I very much enjoy reading (and listening) to anything written by Greg Graffin, so I guess I'm the perfect audience for his most recent book, Population Wars: a new perspective on competition and coexistence.
It's a tour through biology, zoology and anthropology to argue the points of environmental stewardship, that population wars rarely read to the complete eradication of one of the contestants and that there's co-operation and symbiosis in nature (not just competition).
It was interesting the argument about that the competition narrative in evolutionary biology has never really been questioned (and Graffin argues that it should). He emphasises the idea of symbiosis and the whole of the ecological system being potentially more important.
I think my favourite chapters was about immune response.
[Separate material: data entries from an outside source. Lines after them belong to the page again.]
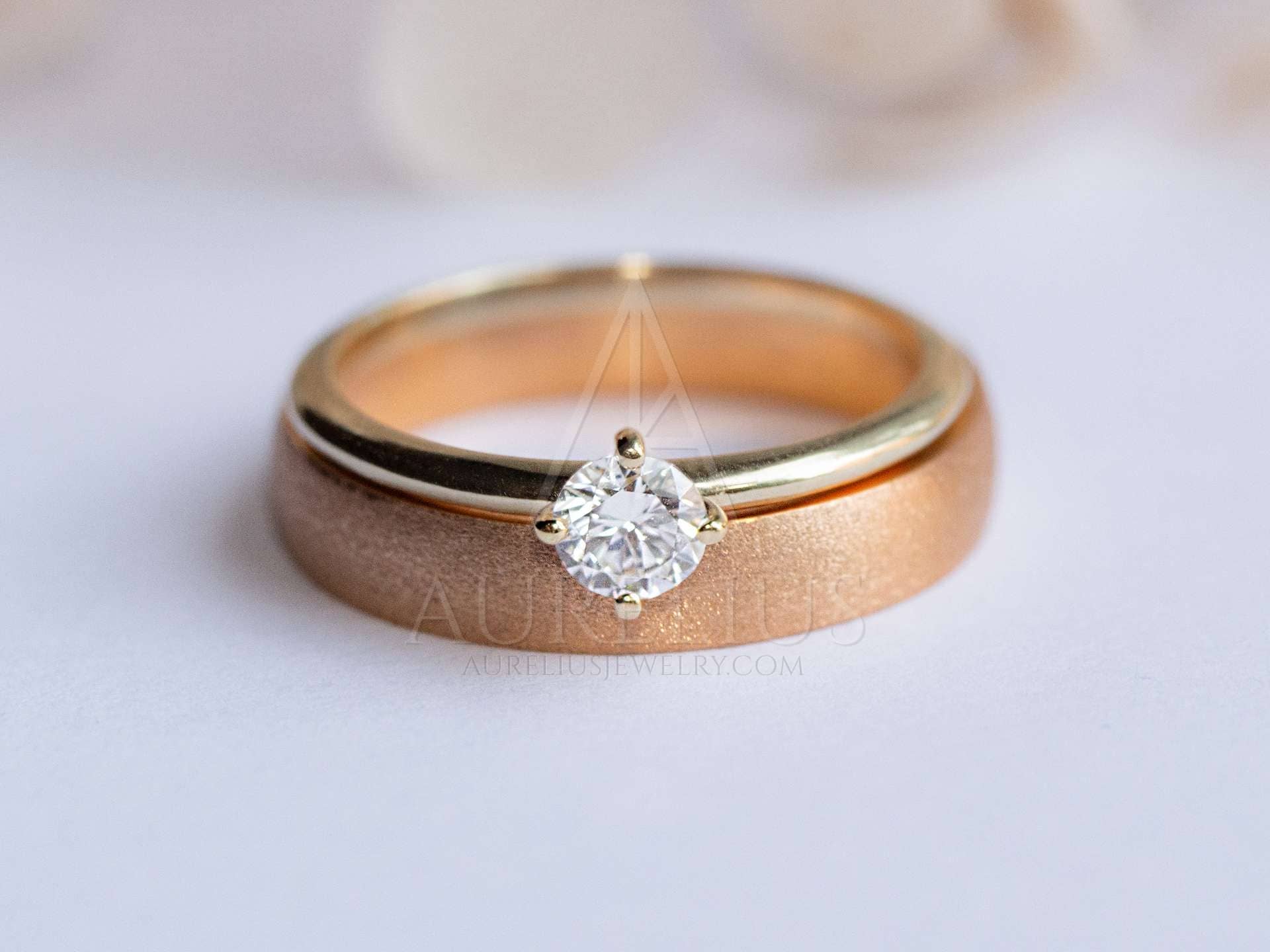 Joyería Anillos Solitarios Elegante anillo solitario de oro para mujeres y rubí facetado natural. 
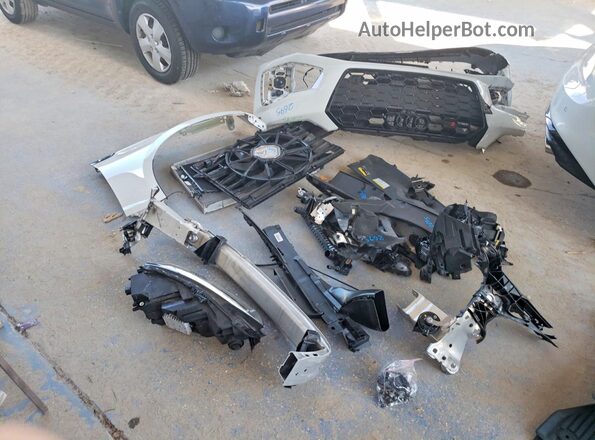 WAUC4CF52NA014244 2022 AUDI S5 White Вид підкапотного простору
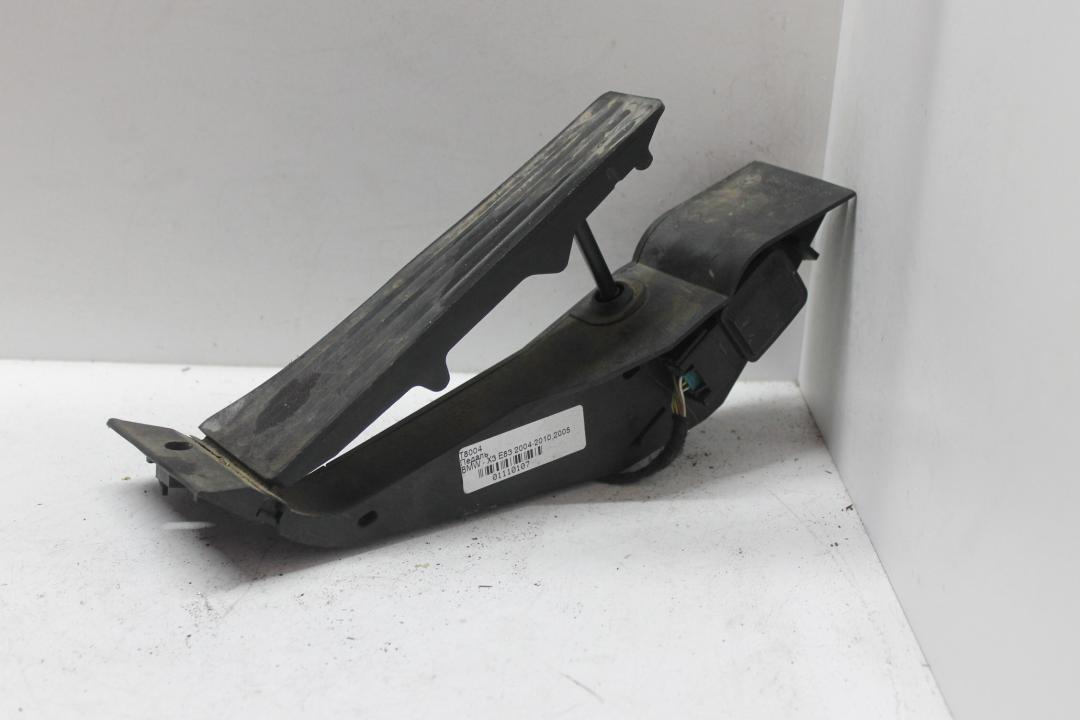 педаль BMW X3 E83 2005, внедорожник 5 дв., 6766930 - фото №1
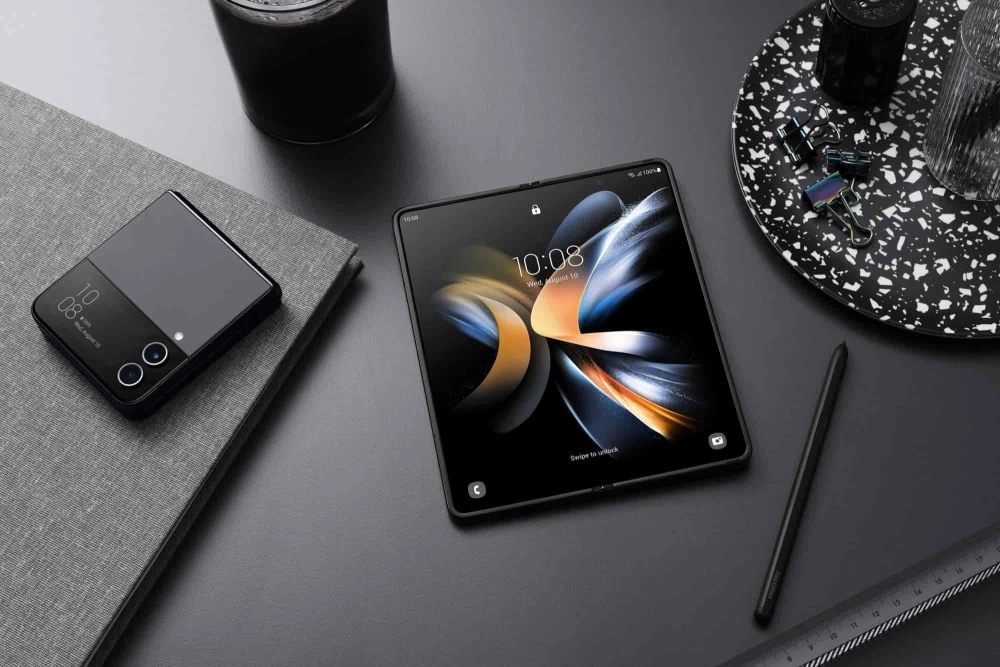 Samsung Galaxy Z Fold: Dòng điện thoại gập ngang tiên phong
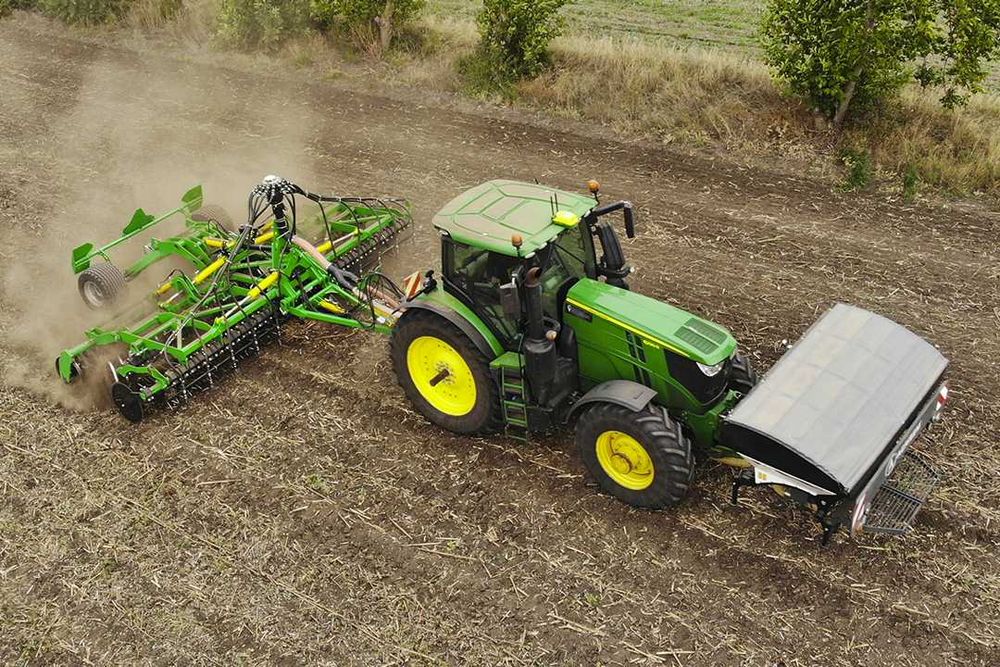 Колісниця Велес Агро для збереження вологи та передпосівного обробітку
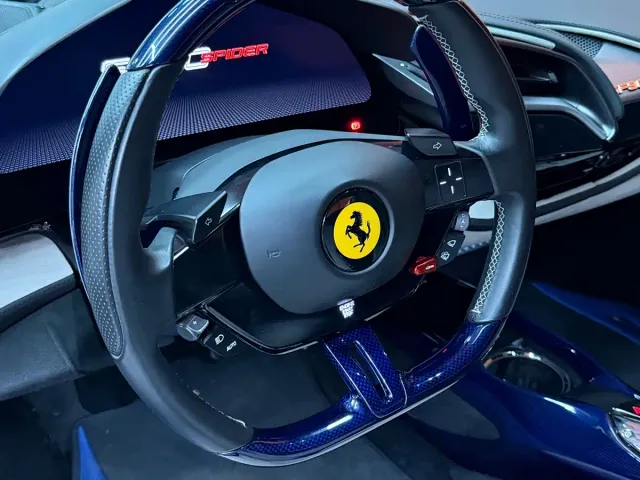 Ferrari SF90 — Фото автомобиля 10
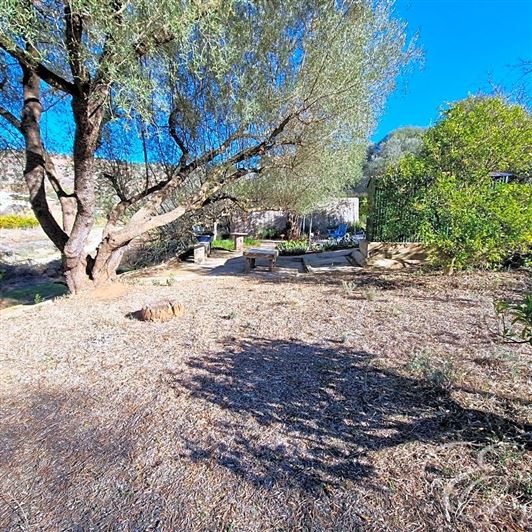 Image No.6-3 Bed Property for sale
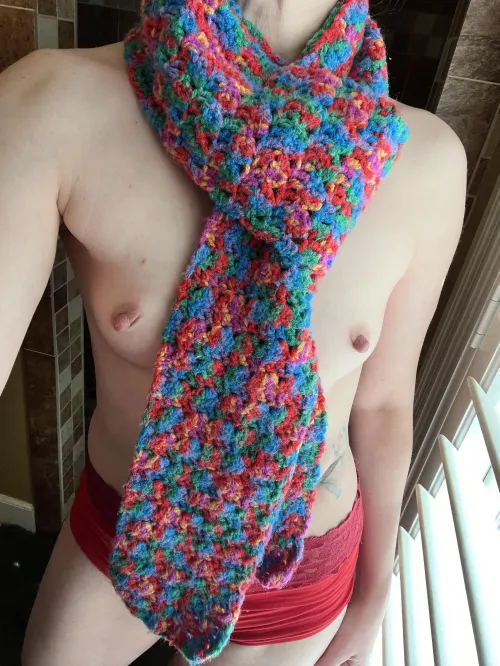 It’s warming up a bit, so I can probably get away with wearing my scarf like this, right? 😁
I had no idea how it all worked and reading about your various immune responses and exactly what the cells and such do was unbelievably cool. Also, the explanation of how vaccination works to a degree that I didn't appreciate before. It makes anti-vaccination groups seem even more bizarre.
I think that is what I enjoyed most - the tiny one liners that just demonstrated rationality in the face of irrationality. Whether climate change deniers, anti-vaxxers, monsanto conspiracy theorists or anything else - one line at the end of an argument to point out his rationalist perspective on them was delightful.
Also his love of tractors. So adorable.
I think I'd love to see Graffin do a talk on science, as I've already seen him many times with Bad Religion.
I think Graffin's book is great, I found out new things and makes me question some assumptions. It would be interesting to read some of the people he used in support of his arguments. It makes me think that doing as much as I do, is the normal path for a rationalist. Not as glamorous as being front man of Bad Religion or professor but working, PhDing and being a trustee makes me think I'm at least doing as much as I can in my life.